I’ve heard a lot of talk lately about the issue of investors and investment advisors who claim to be investing “passively” but are really just actively managing low-cost index funds. One reason this issue is interesting is that most research into the superiority of index investing seems to ignore it completely.
For example, when Jack Bogle says the passively-managed Vanguard 500 index fund has to outperform all actively managed large cap funds after taxes and fees, he’s making a very specific (very true) claim: that a dollar invested at the start of a period in the Vanguard 500 will outperform (after taxes and fees) the average performance of a dollar invested in every actively managed fund. If all passive investors together earn the performance of the market minus fees, then all active investors together must also earn the performance of the market, minus taxes, fees, and trading costs. This is mechanically true, not an ideological argument of any kind.
On the other hand, the relative performance of the same dollar is completely unknown if you’re buying into the fund every time it goes up and selling every time it goes down, or vice versa. Even though you’re investing in a passively-managed index fund, if you’re actively trading it’s impossible to predict your relative performance compared to “passively” buying and holding an actively managed fund!
With that in mind, here are 3 kinds of activity that are guaranteed to change your performance relative to the market, one way or another.
Active fund selection
Say that you are committed to investing exactly $1,000 each month in a low-cost, passively-managed index fund. However, each month you decide from scratch which fund to invest in. Some months you think the domestic stock market’s overvalued and you invest in a total international stock fund instead. Other months you think the domestic stock market’s got a lot of upside potential so you buy in there instead. Other months you see that below-investment-grade bond yields have ticked up and buy $1,000 of that fund instead.

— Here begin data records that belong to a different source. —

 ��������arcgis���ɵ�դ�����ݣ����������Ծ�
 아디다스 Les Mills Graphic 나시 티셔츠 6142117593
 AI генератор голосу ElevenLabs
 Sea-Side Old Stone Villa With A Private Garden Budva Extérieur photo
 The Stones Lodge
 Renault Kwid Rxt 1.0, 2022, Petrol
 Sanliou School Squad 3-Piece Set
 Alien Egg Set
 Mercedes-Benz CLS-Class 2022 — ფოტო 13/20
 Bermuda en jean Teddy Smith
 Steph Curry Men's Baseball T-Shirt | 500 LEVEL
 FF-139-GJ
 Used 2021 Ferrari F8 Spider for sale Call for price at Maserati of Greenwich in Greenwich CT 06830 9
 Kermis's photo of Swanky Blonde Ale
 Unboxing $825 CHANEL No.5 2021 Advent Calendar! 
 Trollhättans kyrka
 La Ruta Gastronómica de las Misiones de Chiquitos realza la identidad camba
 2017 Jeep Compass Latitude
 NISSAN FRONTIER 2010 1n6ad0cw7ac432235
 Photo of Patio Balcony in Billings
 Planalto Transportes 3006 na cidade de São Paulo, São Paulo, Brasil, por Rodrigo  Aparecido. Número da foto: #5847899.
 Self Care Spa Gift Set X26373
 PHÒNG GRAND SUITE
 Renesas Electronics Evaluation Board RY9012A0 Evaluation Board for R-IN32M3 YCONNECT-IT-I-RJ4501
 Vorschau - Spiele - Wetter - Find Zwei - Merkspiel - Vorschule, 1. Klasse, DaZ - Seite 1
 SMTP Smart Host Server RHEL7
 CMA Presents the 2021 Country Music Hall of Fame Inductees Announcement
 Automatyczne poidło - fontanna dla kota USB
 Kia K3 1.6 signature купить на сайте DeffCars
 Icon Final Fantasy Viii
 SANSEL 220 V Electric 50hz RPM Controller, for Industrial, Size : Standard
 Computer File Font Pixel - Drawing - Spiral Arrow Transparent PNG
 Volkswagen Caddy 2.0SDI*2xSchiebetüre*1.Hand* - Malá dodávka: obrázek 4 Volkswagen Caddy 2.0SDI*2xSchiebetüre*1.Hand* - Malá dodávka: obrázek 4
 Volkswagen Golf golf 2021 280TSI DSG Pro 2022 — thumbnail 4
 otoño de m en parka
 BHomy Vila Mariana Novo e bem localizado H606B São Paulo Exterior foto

I suspect if you really feel compelled to introduce some kind of activity into your investment decisions, this is the most defensible: you’re consistently adding the same dollar amount to your investments each month, you’re investing in low-cost, passively-managed index funds, and you’ll end up either modestly underperforming or modestly overperforming a truly passive approach.
You still shouldn’t do this, but I find the impulse completely understandable.
Active timing of buying decisions
An approach that is much more likely to see you underperform over time is timing your buying decisions. There are a number of ways you might execute such a “strategy.” In a single-fund portfolio, you might wait until the price/earnings ratio drops below some fixed number before buying, or you might wait until some arbitrary drawdown from the fund’s high point before adding additional funds.
The two biggest problems with this approach are the certainty of missing out on dividend yield and the likelihood of jamming yourself due to tax considerations.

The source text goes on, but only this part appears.